# Willow's first adventure



## dmgalley (Aug 19, 2012)

pretend you don't see the poo bag... 









Jake wanted this duck so bad. Good thing for the duck Jake does not swim yet









sit...sit...sit









the pond









willow after falling head first into the pond









as close as she got to the water after falling into the pond









playing in the dandelion fields seemed like a good idea... 

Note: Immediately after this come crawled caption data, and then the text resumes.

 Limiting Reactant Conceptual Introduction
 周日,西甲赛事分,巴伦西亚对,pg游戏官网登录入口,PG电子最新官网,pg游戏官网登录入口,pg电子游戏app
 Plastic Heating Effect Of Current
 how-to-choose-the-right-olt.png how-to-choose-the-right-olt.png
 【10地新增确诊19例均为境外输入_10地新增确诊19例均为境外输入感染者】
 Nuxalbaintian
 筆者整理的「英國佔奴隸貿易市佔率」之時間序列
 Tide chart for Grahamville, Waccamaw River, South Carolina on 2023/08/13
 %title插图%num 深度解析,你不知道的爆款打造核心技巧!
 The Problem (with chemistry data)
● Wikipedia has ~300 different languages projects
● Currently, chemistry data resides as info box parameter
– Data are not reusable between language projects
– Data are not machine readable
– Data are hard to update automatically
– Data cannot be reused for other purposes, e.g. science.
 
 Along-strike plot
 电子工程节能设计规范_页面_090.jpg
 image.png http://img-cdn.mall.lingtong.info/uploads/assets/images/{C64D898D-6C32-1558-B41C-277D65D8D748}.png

maybe not such a good idea after all 









and we saw a moose!!! well the dogs were sleeping...but I saw a moose!!!








hubbys pics


----------



## RuthMill (Jun 30, 2012)

Ahhhhh lovely! Aren't they just lovely together. Willow looking gorgeous and cute. Jake the same lovely boy. Nice to see you and your hubby too...  Looked to be a great fun day!


----------



## Tinman (Apr 23, 2013)

It looks like a fab fun day, I love the picture in the dandelion field - one for a small canvass print maybe?! X


----------



## dmgalley (Aug 19, 2012)

Thanks!! We took them to NH for the weekend , just south of the Canadian border. (no passport boo!!) We stayed in a beautiful cabin with the two ponds out front. Jake spent a lot of time chasing goose and I spent a lot of time stopping Willow from eating goose poop  but it was so much fun. 
Ruth I was hoping to hear you had a poo on the way when I got home.


----------



## mairi1 (Mar 12, 2012)

Oh Donna ....what beautiful pics 

I really did laugh out loud at them post dandelions!!!! :laugh::laugh::laugh:

Your husbands photos are really fab 

xxx


----------



## Marzi (Sep 17, 2012)

Never too many pictures! 
What a fabulous adventure for your lucky dogs - and wow! A moose!


----------



## dmgalley (Aug 19, 2012)

mairi1 said:


> Oh Donna ....what beautiful pics
> 
> I really did laugh out loud at them post dandelions!!!! :laugh::laugh::laugh:
> 
> ...


We almost died when they came out all yellow!! It just did not occur to me. I am washing my fav jeans right now hoping they recover. They dogs get tubed tonight! I did get some good video though.


----------



## DB1 (Jan 20, 2012)

Brilliant pictures, looks like a gorgeous place to stay, love the last pic of you all. Sorry but you saying you had hoped Ruth had a poo on the way made me really laugh (thinking of something other than a puppy!).


----------



## dmgalley (Aug 19, 2012)




----------



## DB1 (Jan 20, 2012)

Just noticed my previous post was my 2000th!! I am spending way too much time on here!


----------



## Jedicrazy (Apr 26, 2011)

Donna, what fabulous pictures and such a a cute video of them running back to you. I love that picture of Willow running back through the field. As for the yellow legs..well, hope it washed out! 

Never too many photos...


----------



## Von (Nov 1, 2012)

Looks like you had a fabulous time! The photos are lovely, little wet Willow looks super cute, and Jakey-yellow-legs is a delight as always. Great photo of you all together.


----------



## dmgalley (Aug 19, 2012)

DB1 said:


> Just noticed my previous post was my 2000th!! I am spending way too much time on here!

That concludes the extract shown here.